=== Problem to solve ===
Please print exactly the lines from the one containing "Bitcoin Crypto Moto E5 Play Skin" through the last line of the records, and only those. Leave out any pictures.

Segment Start: Dataset content

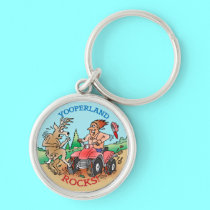 Yooper Keychain For Yoopers keychains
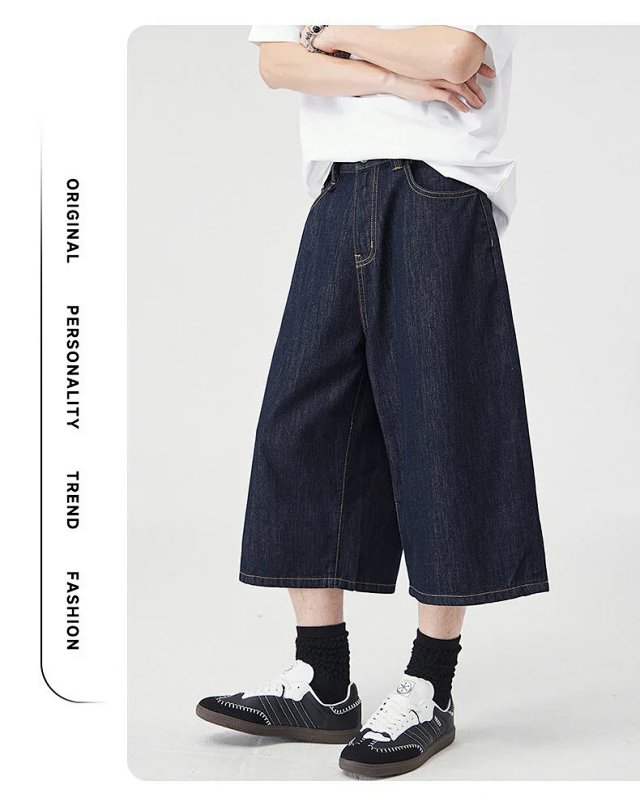Fashion Denim Shorts: seller detail photo 11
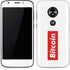 Bitcoin Crypto Moto E5 Play Skin
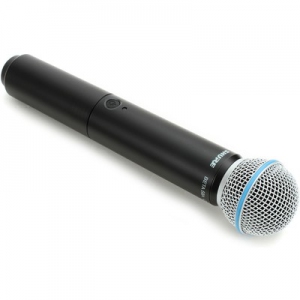 SHURE BLX24E/B58 M17 вокальная радиосистема в Глазове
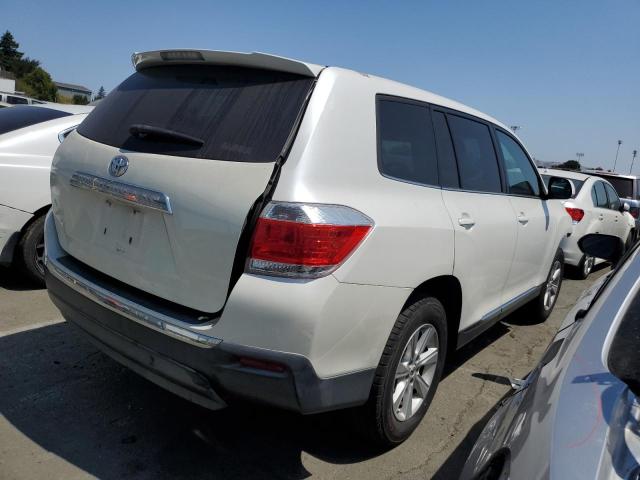 Photo 2 VIN: 5TDZK3EH4CS072550 - TOYOTA HIGHLANDER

Segment End: Dataset content

=== Result of the exercise ===
 Bitcoin Crypto Moto E5 Play Skin
 SHURE BLX24E/B58 M17 вокальная радиосистема в Глазове
 Photo 2 VIN: 5TDZK3EH4CS072550 - TOYOTA HIGHLANDER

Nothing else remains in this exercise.